Overheard at RTO Insider/SAS ISO Summit

CARY, N.C. — Despite a late spring Nor’easter that closed airports and forced some speakers to participate via phone, dozens of RTO and ISO officials journeyed to SAS’ snow-free campus in North Carolina last week for a discussion on data and technology challenges. Here’s some of what we heard at the RTO Insider/SAS ISO Summit.

Duck Curve, Meet Armadillo Shell

The duck curve — which came out of California to describe the ramping challenge provided by solar resources — has since been adopted as a term by other regions, including ISO-NE. (See “New England’s Duck Curve,” Overheard at NECA Renewable Energy Conference.)

Kenon Ögleman, ERCOT | © RTO Insider

But not in Texas, if Kenan Ögelman, vice president of commercial operations for ERCOT, has his way. Texas, which has led the nation in wind development, is starting to make strides with solar as well.

So Ögelman is pitching an alternative description: an armadillo on its back. “The belly of the duck is the shell of the armadillo,” he explained.

As in California, solar generation stops just as demand is rising to its daily peak.
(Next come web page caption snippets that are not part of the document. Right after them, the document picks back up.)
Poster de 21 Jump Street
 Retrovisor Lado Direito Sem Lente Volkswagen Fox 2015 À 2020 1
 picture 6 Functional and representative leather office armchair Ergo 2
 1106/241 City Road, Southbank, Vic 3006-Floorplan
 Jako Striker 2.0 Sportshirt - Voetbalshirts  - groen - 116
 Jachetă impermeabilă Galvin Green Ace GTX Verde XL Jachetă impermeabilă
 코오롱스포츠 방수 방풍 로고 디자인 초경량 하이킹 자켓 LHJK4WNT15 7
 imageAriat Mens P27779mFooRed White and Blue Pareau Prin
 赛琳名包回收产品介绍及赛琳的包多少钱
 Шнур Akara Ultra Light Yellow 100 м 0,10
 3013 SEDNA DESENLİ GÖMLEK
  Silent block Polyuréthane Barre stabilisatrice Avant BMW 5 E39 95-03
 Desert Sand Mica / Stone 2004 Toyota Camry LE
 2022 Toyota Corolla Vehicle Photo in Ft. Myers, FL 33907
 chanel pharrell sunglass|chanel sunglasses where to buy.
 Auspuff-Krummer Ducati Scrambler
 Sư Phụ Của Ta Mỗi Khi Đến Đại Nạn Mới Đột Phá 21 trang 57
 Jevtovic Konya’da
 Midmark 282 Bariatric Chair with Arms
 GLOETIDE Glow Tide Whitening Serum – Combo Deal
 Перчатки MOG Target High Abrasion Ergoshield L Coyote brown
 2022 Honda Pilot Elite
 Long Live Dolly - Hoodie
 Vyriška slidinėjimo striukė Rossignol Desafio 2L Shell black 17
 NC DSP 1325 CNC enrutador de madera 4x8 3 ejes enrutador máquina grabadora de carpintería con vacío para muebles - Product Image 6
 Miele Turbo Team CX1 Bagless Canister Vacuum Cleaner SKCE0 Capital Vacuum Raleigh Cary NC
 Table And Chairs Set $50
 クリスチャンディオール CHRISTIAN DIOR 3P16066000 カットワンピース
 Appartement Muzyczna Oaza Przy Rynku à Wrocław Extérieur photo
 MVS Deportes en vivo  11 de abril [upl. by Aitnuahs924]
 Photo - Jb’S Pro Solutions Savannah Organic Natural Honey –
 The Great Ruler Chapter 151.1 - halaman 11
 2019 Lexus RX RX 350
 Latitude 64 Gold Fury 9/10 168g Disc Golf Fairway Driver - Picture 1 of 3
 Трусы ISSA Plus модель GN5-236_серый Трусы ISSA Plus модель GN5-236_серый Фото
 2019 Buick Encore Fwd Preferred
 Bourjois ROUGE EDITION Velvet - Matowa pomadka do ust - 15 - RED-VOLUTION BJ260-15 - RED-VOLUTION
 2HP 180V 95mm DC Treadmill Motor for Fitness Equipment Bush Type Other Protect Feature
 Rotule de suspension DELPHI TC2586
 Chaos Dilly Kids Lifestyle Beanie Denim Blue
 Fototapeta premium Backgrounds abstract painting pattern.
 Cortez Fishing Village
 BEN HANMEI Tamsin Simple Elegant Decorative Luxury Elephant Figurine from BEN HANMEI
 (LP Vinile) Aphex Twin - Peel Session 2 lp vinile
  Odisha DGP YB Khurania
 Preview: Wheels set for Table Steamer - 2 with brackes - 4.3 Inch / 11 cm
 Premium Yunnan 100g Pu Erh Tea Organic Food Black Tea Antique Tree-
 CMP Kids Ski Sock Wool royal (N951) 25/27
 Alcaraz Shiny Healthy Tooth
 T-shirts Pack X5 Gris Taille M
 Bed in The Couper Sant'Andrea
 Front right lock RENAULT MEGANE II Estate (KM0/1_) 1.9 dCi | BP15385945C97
But Texas’ width may make it a bit easier to manage the ramp. “Because most of our load centers are in the center and the east … of Texas, and most of the highest potential solar is in the west, we might be able to buy ourselves … an extra hour there potentially because Texas is so big.”

When solar is wanting to dispatch and use the grid, that isn’t necessarily overlapping with wind as much so there might be some … complementary ability to use the grid.”

California, meanwhile, will be releasing a new version of the duck curve soon, said Lorenzo Kristov, principal for market and infrastructure policy for CAISO.

The new curve is necessary, Kristov said, because solar has grown so fast that the duck curve is playing out four years ahead of projections.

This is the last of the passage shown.